It was only with the widespread use of motor cars in the 1900s that the Dalmatian’s niche job disappeared. The breed’s popularity fell, but picked up again when breeders developed a fondness for these two-tone beauties in the late 1900s. Their popularity was boosted in the USand elsewhere in 1956 with the publication of the bestselling children's novel 101 Dalmatians by Dodie Smith, and then by the Disney film of the same name that appeared in 1961.


Dalmatians are big, active dogs, and they need lots of space and plenty of exercise.

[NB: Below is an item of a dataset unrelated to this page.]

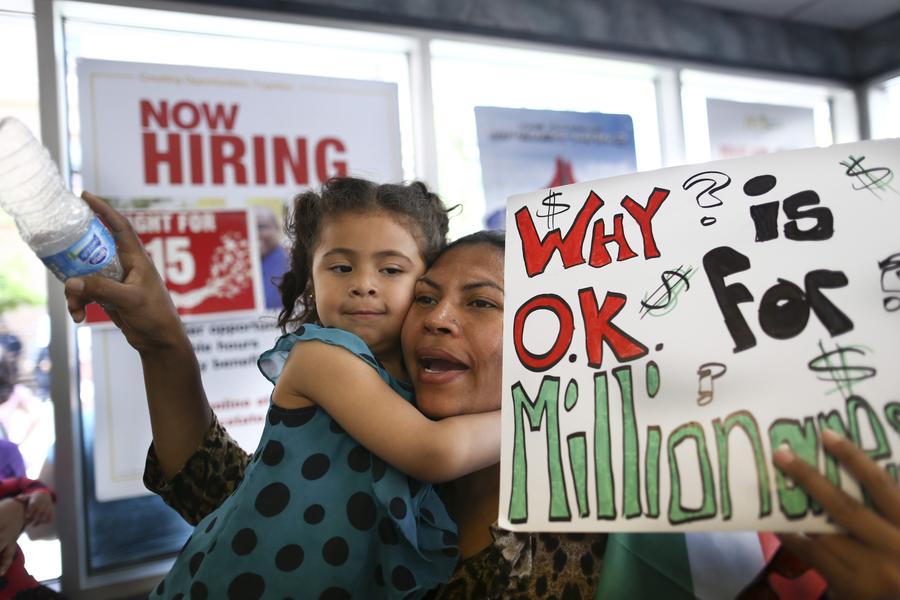 Fast-food workers strike for higher pay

It is very hard to tire out a Dalmatian! They make ideal jogging and running partners, (and riding companions too, being good around horses), and without lots of exercise, they will quickly become bored. Being naturally highly strung, boredom can cause them to become destructive.

Dalmatians are intelligent, and benefit from early training. They will take advantage of a weak owner, so you always need to let them know who’s boss. Once properly trained and socialized, they are family friendly and fit in well, as long as they receive lots of exercise. They are protective of their family and are often aggressive toward strangers, whether canine or human. Socialization from a young age and lots of visitors will prevent this.

Dalmatians have smooth coats, but they still shed lots of hair. Brushing once or twice a week is therefore recommended.


Dalmatians are playful and energetic, and love exercise and play time. You should only consider getting one if you have sufficient time and a lifestyle that accommodates a demanding dog.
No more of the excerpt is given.